# loaches vs dwarf cichlids



## pleco_cory_fan (Oct 2, 2006)

Lupin and me are having a little debate to see which ones are better and we were just wondering which ones you guys like more so what your choice?


----------



## Gump (Oct 26, 2006)

Easy for me.


----------



## Amphitrite (Sep 8, 2006)

Sorry - I can't vote. I love both!


----------



## The-Wolf (Mar 15, 2007)

I'm with Lupin
got to be loaches, such a diverse group of fish and owning every species of loach probably won't be possible in anyone lifespan, the same can't be said for the very small group of dwarf cichlids.


----------



## leifthebunny (Mar 13, 2007)

I'm for dwarf cichlids. They are touchier, but prettier.


----------



## Lupin (Aug 2, 2006)

kateyoup said:


> Sorry - I can't vote.
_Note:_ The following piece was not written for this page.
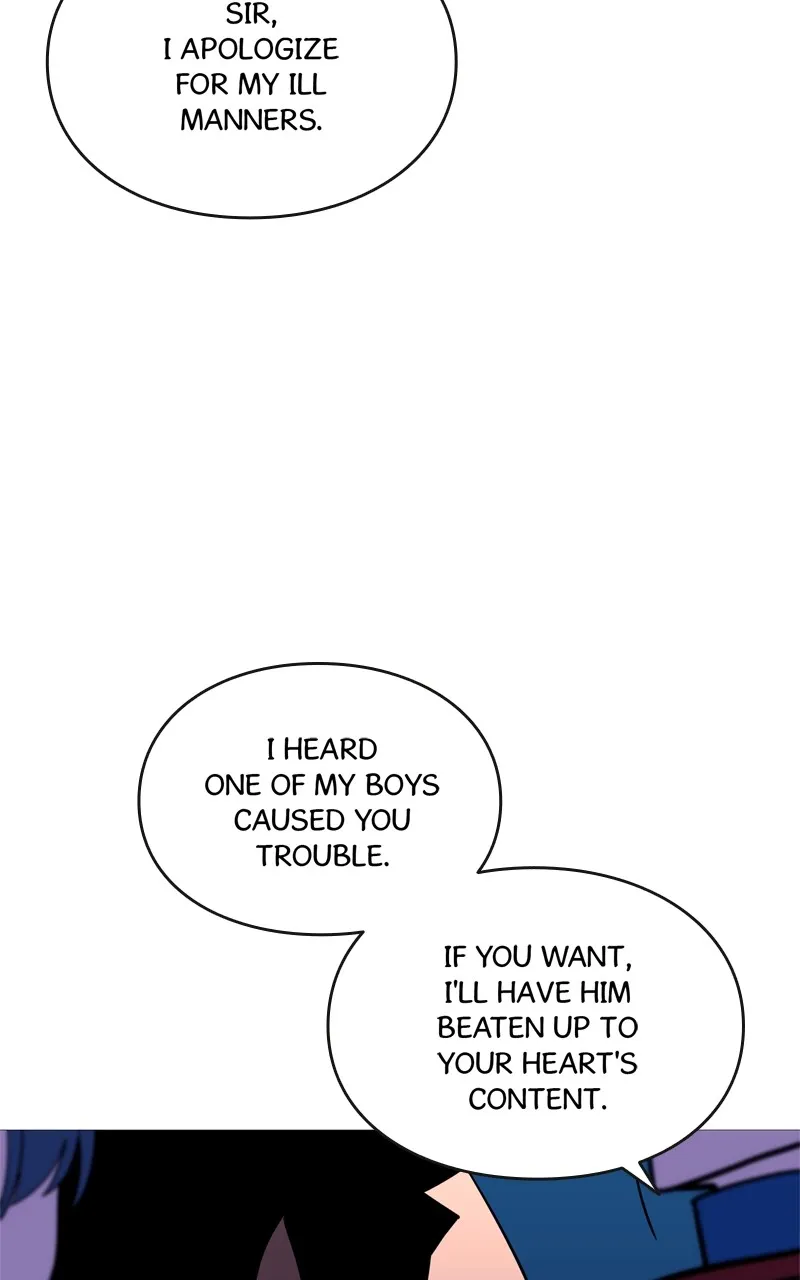 Read Becoming the Monarch chapter 10 image 46 on Lezhin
I love both!


Which ones did you keep?:wink2: Vote for loachies!!!


----------



## lioness501 (Jan 9, 2007)

im with loaches, i have 4 kuhlis and 2 horse faced, i think they r amazing!tho the cichlids r pretty too


----------



## Daz (Sep 20, 2006)

Cics, Cics, Cics, Cics, Cics, Cics, Cics, Cics, Cics, Cics, Cics, Cics, Cics, Cics, Cics, Cics, Cics, Cics, Cics, Cics, Cics, Cics, Cics, Cics, Cics, Cics, Cics, Cics, Cics, Cics, Cics, Cics, Cics, Cics, Cics, Cics, Cics, Cics, Cics, Cics, Cics, Cics, Cics, Cics, Cics, Cics, Cics, Cics.

I think you get the idea! :wink:


----------